For best results, prepare your papers on the day you intend to make the prints. Freshly sensitized paper seems to work better than papers that have been allowed to age. Let the surface dry fully, and then get busy!
I made a series of prints from different negatives for various lengths of time, as the sun passed over head. I tracked the lengths of exposure and time of day on each print. Many photographers who regularly make alternative prints use a well-controlled electric UV light source, but for me, it’s the changing sunshine.
Bleaching and toning
Allow cyanotypes to develop overnight or use a peroxide bath
Cyanotypes won’t achieve full color richness until they have dried for about 24 hours. Or, you can get immediate results by dipping the print in a bath of water mixed with a small amount of hydrogen peroxide. This will bring the print to immediate color richness. Rinse with fresh water and move on to the bleaching phase.
Once the cyanotypes have fully developed, they can be soaked in a bath of water mixed with fully dissolved laundry washing soda which bleaches away most or all of the blue, leaving the paper almost pure white.

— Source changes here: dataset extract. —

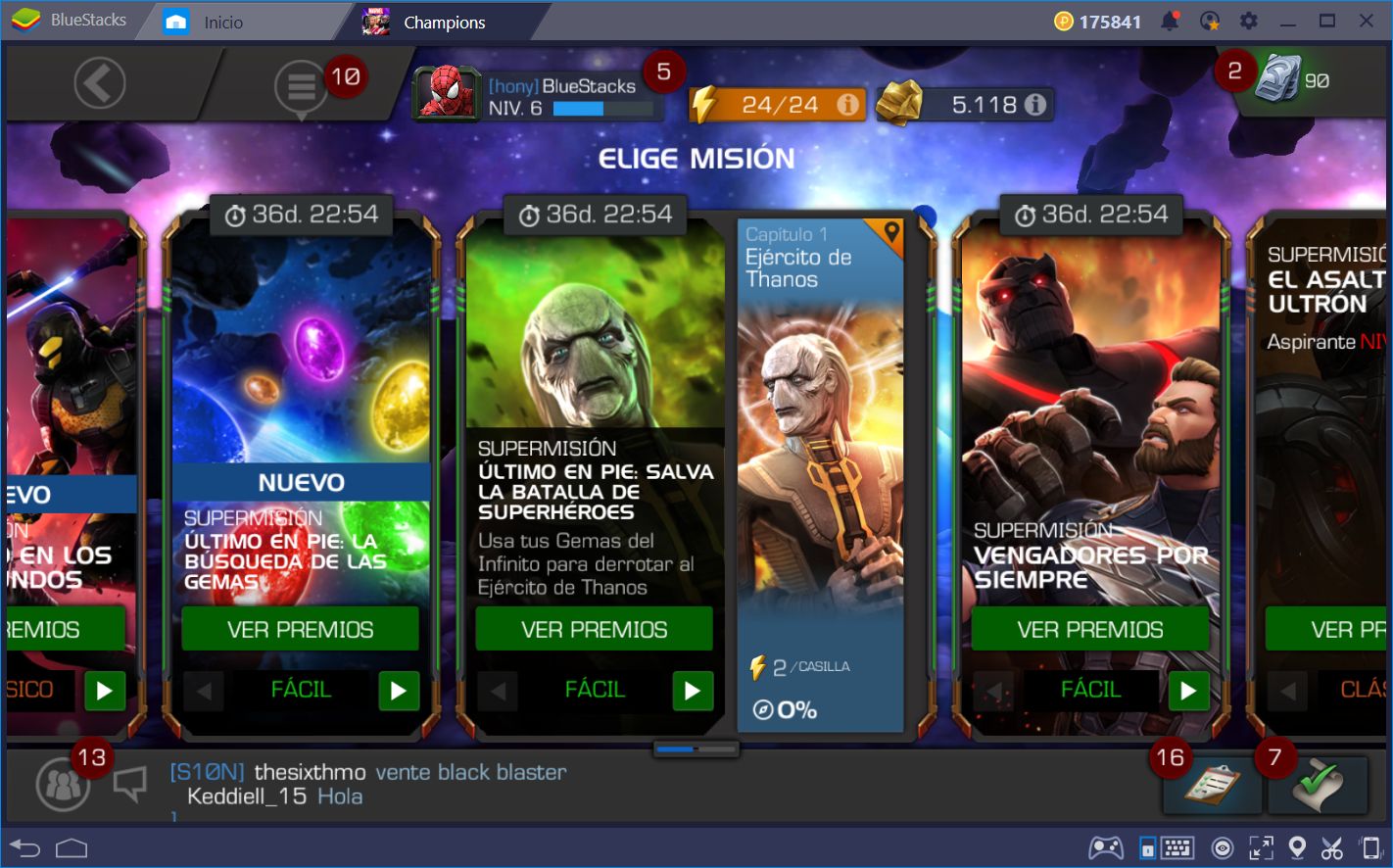 Marvel Future Fight: Descubre lo que Trae la Actualización de Endgame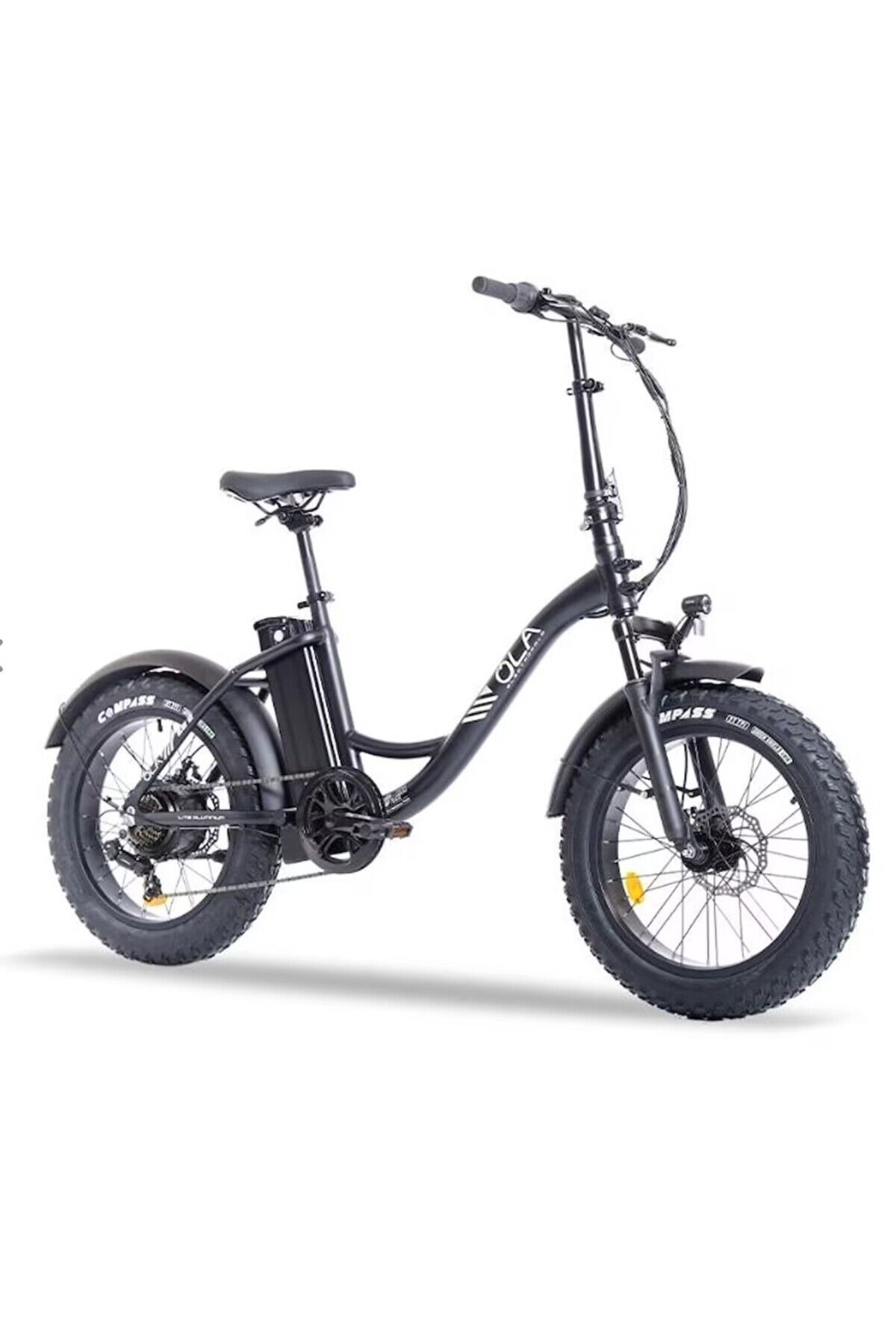 Corelli Eb2 Elektrikli Bisiklet 20” Jant Siyah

The bleached print can then be rinsed in water, and transferred to soak in a bath of strong tea, coffee, even red wine — anything with tannins. The tannic acid in the tea bath replaces the original cyanotype iron salts and stains the paper, giving it an aged look, and returning the bleached image in the color of the tannins.
The final print is rinsed in fresh water to get as much of the tea out of the paper as possible, then dried, flattened, and ready to frame.
What you will need:
- Negative in the exact size of the final print
- Suitable watercolor paper
- Cyanotype solution
- Glass frame to sandwich the negative to the cyanotype paper (can be two sheets of glass clamped together). Be careful not to cut yourself.

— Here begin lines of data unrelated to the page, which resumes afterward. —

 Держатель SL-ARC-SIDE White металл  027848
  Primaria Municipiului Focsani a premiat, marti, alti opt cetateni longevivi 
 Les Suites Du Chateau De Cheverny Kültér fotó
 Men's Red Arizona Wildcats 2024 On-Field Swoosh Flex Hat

- UV light source — can be the sun
- Plastic trays to hold the baths, must be large and deep enough to hold your chosen paper size
- Development tray – fresh water
- Water plus hydrogen peroxide dip to speed-up development (optional)
- Washing soda bleach tray
- Toner tray with strong bath of tea, coffee, wine, or tannin solution
- Select or make the negative
- Mix chemistry and sensitize the watercolor paper (pre-sensitized cyanotype paper is affordable and widely available). This can be done in semi-dim conditions or under indirect room light as long as it’s not UV light or bright daylight. I recommend high-quality watercolor paper like Arches, because it holds up well to repeated washes.

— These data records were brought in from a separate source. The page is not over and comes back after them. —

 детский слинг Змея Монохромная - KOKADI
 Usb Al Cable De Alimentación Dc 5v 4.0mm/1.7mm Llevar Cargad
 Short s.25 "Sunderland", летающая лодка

- Sandwich negative and paper into an exposure frame (this can be as simple as two sheets of glass clamped together
- Expose to UV light (sunlight or an electric UV light source)
- Rinse the exposed print under tap water to develop it
- Allow the print to fully dry and age overnight to achieve full color richness, or rinse them in a bath of water with a small dose of hydrogen peroxide, which will immediately bring cyanotypes to full color
- To remove the blue, soak the print in water, then quickly soak in a bleach bath made from water and laundry washing soda (not laundry detergent washing powder). This happens very quickly.
- Rinse under tap water to remove the washing soda bath
- Soak in the toning bath of tea, coffee, or red wine
- Rinse and allow to dry
- Flatten and frame
Here are the materials I use to make cyanotypes.
Arches hot press (smooth) watercolor paper
High-quality watercolor paper will hold up under the repeated soakings necessary to make toned cyanotypes
Cyanotype sensitizing solution
This formula is super-affordable and goes a very long way.
Be sure to rinse this with water and clear out any loose bristles in advance. Let it dry before first use.
Washing soda for bleaching
This is not laundry detergent. Be sure to get washing soda. I used this brand but use whatever brand you choose. This bath will bleach the cyanotype blue, and prepare it for toning in the tea or other tannin-based bath.
Below are some of the cyanotypes and toned cyanotypes I’ve created.
Thanks for reading!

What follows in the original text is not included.